Sul posto sono arrivati i militari della stazione di Pontecorvo che hanno condotto il pontino in caserma. Per lui è scattata la denuncia con l'accusa di minaccia aggravata, oltre alla proposta per l'irrogazione del foglio di via obbligatorio con divieto di ritorno nel territorio del comune di San Giovanni Incarico per tre anni.

La ricostruzione
I fatti si sono registrati nella tarda serata di venerdì in un bar a San Giovanni Incarico. Stando alle accuse tra il sessantaduenne e il proprietario del locale è sfociata una lite. Il cliente si è lamentato del costo di una bevanda alcolica, secondo lui troppo alto. Durante la lite ha tentato di estrarre in direzione del titolare del bar una pistola.

L'arma è risultata essere una scacciacani.
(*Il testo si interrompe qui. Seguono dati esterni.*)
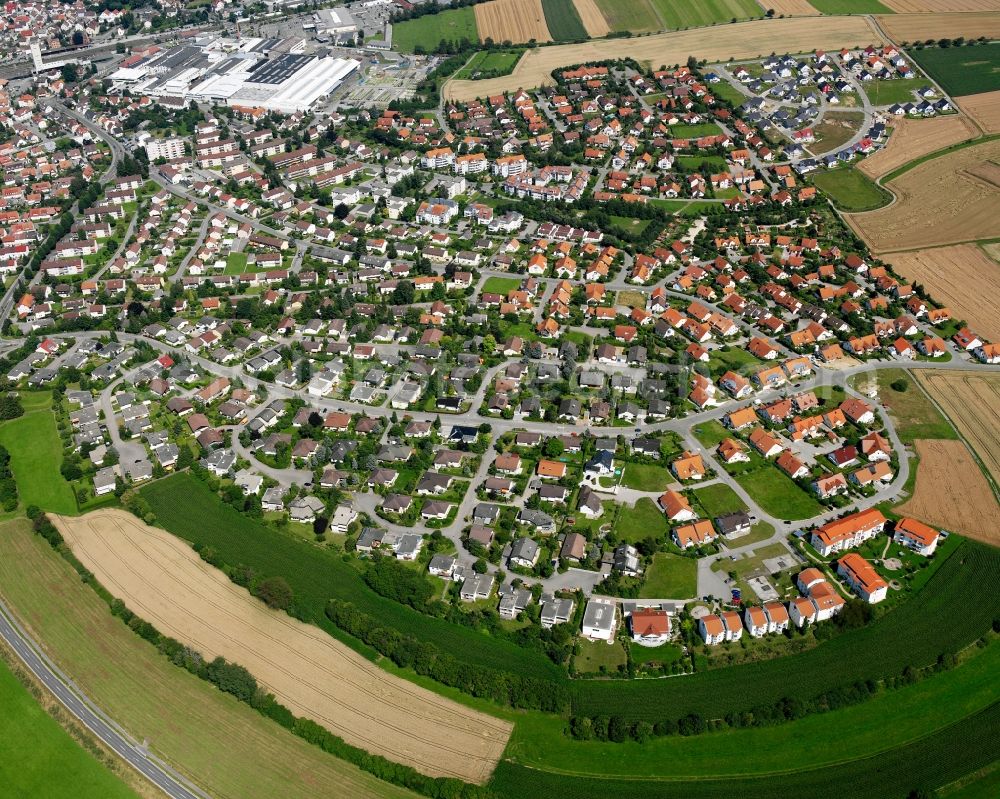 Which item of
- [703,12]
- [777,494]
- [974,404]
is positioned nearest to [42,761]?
[777,494]

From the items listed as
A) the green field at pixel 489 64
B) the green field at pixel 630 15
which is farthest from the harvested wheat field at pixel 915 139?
the green field at pixel 489 64

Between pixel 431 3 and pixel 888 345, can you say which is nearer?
pixel 888 345

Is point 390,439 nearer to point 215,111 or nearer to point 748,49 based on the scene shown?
point 215,111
Presente nel locale un carabiniere della Compagnia di Sora, libero dal servizio. A quel punto, il militare, è subito intervenuto e ha disarmato il pontino. Nel frattempo è arrivata la chiamata di intervento ai carabinieri della stazione di Pontecorvo. Una pattuglia ha subito raggiunto l'esercizio commerciale e ha condotto l'uomo in caserma. La scacciacani e le relative quattro cartucce nella disponibilità dello stesso sono state sottoposte a sequestro.

Il sessantaduenne, già noto per reati contro il patrimonio, è stato denunciato per minaccia aggravata. Nei suoi confronti i carabinieri hanno proceduto anche con l'avvio del procedimento amministrativo per l'emissione del foglio di via obbligatorio, con divieto di ritorno nel territorio del comune di San Giovanni Incarico per tre anni.